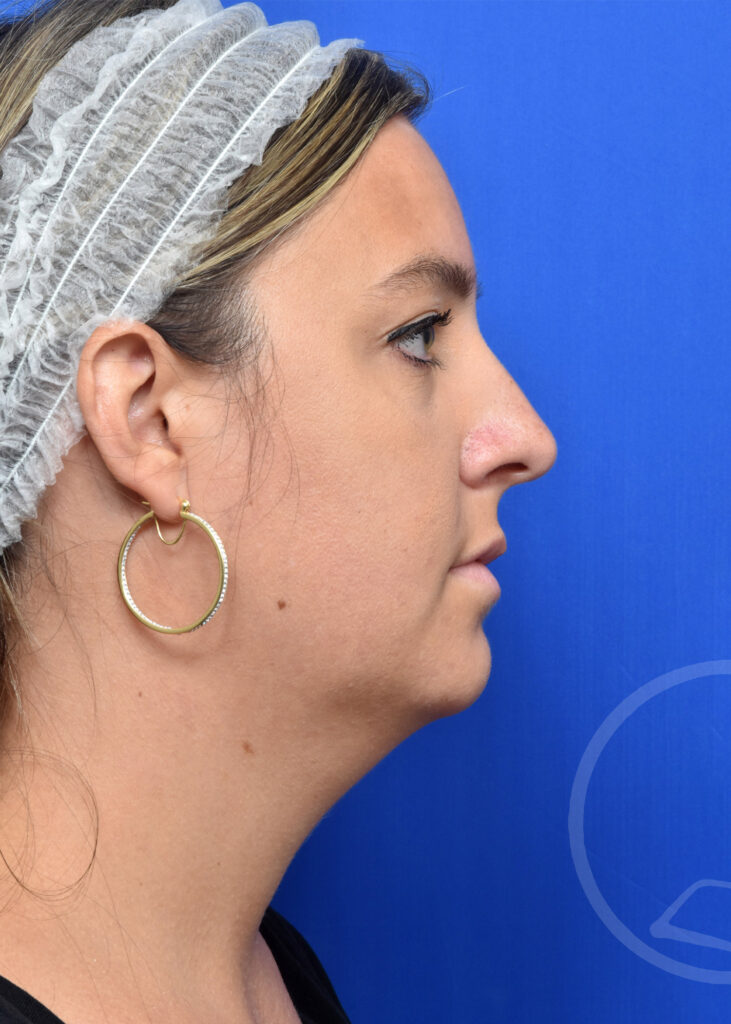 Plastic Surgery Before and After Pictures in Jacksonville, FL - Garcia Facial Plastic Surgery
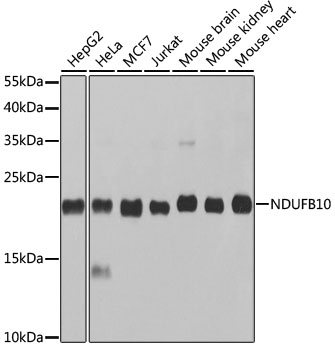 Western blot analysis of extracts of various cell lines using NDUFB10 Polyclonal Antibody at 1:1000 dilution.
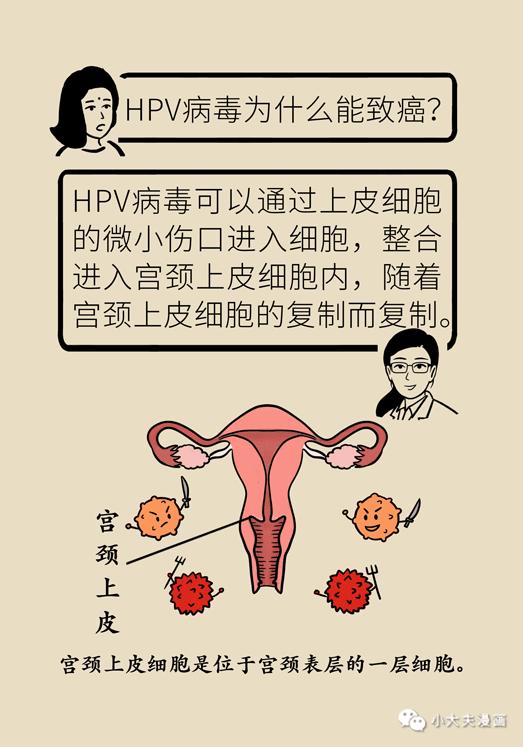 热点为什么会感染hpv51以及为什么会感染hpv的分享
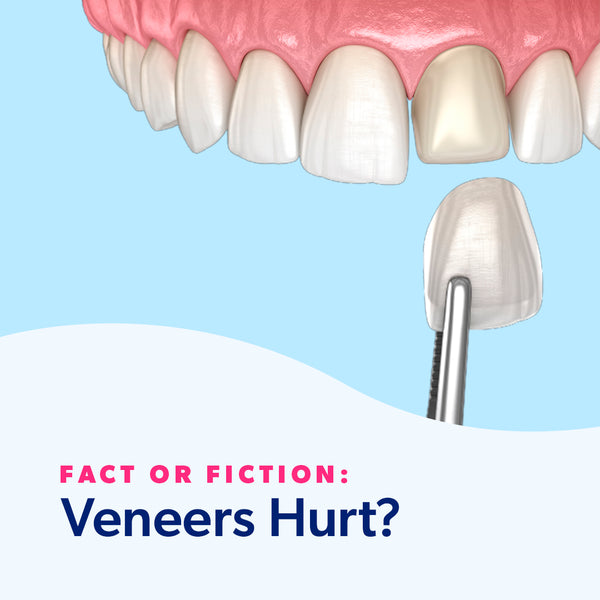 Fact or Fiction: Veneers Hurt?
...
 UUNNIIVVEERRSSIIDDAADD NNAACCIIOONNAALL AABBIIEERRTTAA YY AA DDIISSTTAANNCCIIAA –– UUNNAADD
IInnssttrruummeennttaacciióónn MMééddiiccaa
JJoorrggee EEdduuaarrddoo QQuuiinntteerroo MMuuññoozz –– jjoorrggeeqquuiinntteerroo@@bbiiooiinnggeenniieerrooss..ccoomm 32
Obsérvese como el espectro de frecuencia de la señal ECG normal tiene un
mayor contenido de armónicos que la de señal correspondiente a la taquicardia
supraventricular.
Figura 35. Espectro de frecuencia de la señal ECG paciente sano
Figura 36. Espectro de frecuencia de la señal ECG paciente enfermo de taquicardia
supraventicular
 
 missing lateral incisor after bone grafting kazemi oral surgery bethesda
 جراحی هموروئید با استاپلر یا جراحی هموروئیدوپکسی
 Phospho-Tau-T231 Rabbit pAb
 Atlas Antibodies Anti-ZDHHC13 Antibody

• [Work order]:
Looking back over the data above, restate word for word the lines that begin at the line with "missing lateral incisor" and end at the line with "Atlas Antibodies Anti-ZDHHC13 Antibody", inclusive.

• [Exercise response]:
 missing lateral incisor after bone grafting kazemi oral surgery bethesda
 جراحی هموروئید با استاپلر یا جراحی هموروئیدوپکسی
 Phospho-Tau-T231 Rabbit pAb
 Atlas Antibodies Anti-ZDHHC13 Antibody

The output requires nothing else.